The goal is making a Mars-based society last more than a couple centuries. The deep egoism driving Musk and Bezos to send humans to Mars within this decade just wouldn’t cut it.

Alternatively, the deep altruism in the team’s thought experiment brought up a different dilemma. Humans have not yet found solutions to our current Earth struggles. The authors are concerned that efforts redirected from Earth to fund and build a Mars colony may not outweigh the scientific and technological advancements gained. 

Altruism brings up a lot of interesting challenges for the Martian society, too. The Mars colony needs to keep its citizens free, while inspiring them to make choices that benefit everyone.

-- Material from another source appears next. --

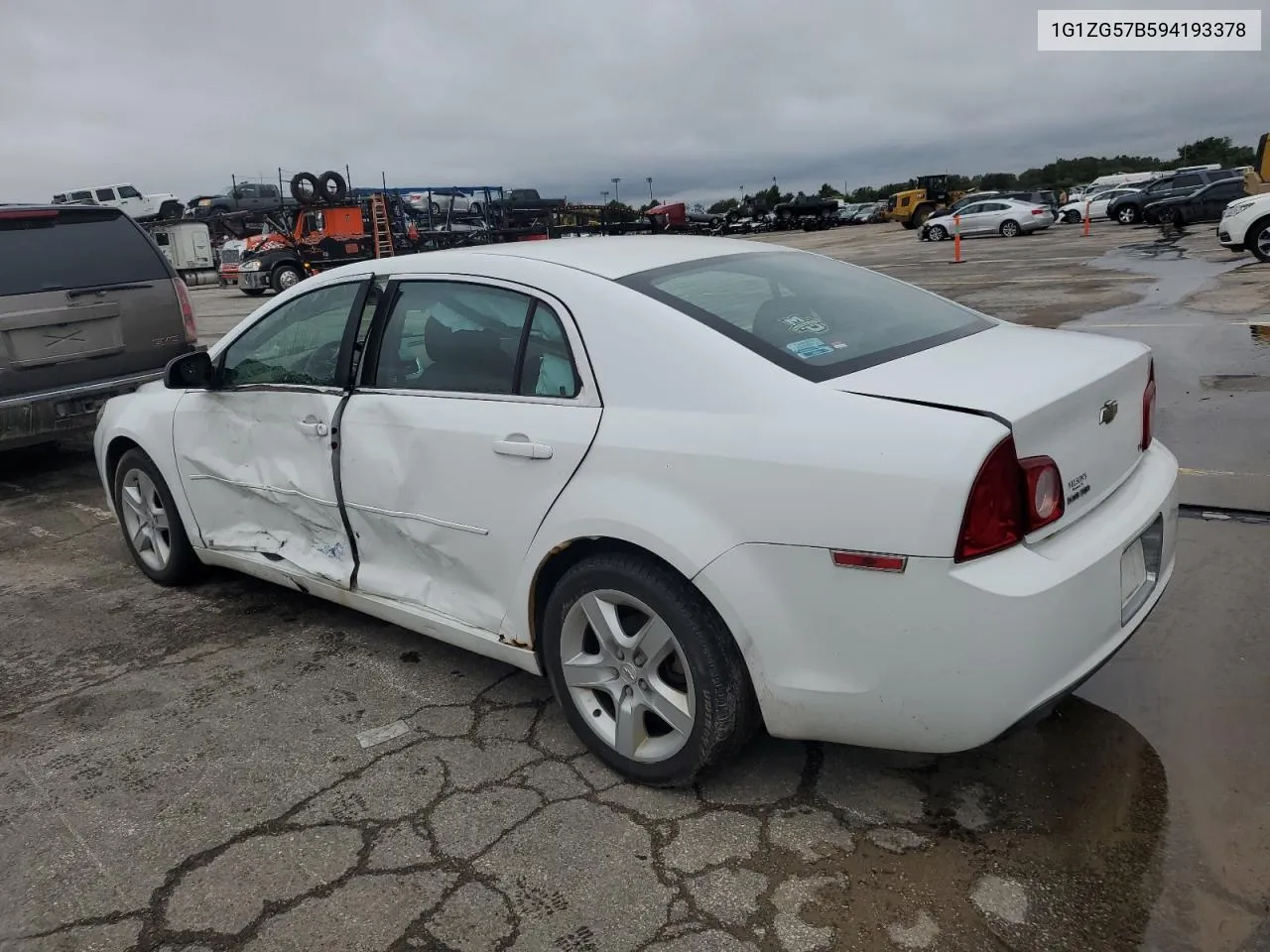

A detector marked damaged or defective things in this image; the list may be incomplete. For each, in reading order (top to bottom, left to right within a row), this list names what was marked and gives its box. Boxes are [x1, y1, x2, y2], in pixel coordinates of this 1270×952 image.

damaged white sedan [94, 234, 1175, 785]
cracked asphalt [2, 223, 1270, 952]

This idea brought up an interesting topic for the team: religion. Despite the rather dark history religion has on Earth, there may be a benefit to a Mars religion. Developing a new religion may be critical to a long-lasting Martian society. The astronauts who live on Mars would have to bear the weight of heavy sacrifices to things we take for granted. Social and work life, family, diet, and personal space would all be owned by colonists who haven’t even been born yet. The authors suggest that religion may give them a reason for why they are doing it and prevent the blows to morale.

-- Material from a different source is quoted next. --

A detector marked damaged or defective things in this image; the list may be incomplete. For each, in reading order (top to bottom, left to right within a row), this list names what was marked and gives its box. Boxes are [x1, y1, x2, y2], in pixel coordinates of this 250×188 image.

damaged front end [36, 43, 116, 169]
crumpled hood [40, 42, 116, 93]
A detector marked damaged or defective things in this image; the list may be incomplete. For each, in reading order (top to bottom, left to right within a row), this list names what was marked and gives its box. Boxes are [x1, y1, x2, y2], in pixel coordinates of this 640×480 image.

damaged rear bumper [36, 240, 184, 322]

Of course, there isn’t any way of knowing how humans will respond to such a massive undertaking. A Mars colony is a lofty goal. It’s okay if we don’t have all the answers yet. Humanity is good at finding ways to endure. But dreaming of future Mars settlements may prove helpful to improving our lives on Earth now.

Study Information

Original study: Visions of a Martian Future

Study was published on: 12 January 2020

Study author(s): Konrad Szocik, Steven Abood, Chris Impey, Mark Shelhamer, Jacob Haqq-Misra, Erik Persson, Lluis Oviedo, Klara Anna Capova, Martin Braddock, Margaret Boone Rappaport, Christopher Corbally

The study was done at: University of Information Technology and Management in Rzeszow (Poland), Florida International University (USA), University of Arizona (USA), Johns Hopkins University School of Medicine (USA), Blue Marble Space Institute of Science (USA), Lund University (Sweden), Antonianum University (Italy), Durham University (UK), Mansfield and Sutton Astronomical Society (UK), The Human Sentience Project LLC (USA)

The study was funded by: This research was unfunded.

Raw data availability: Not applicable.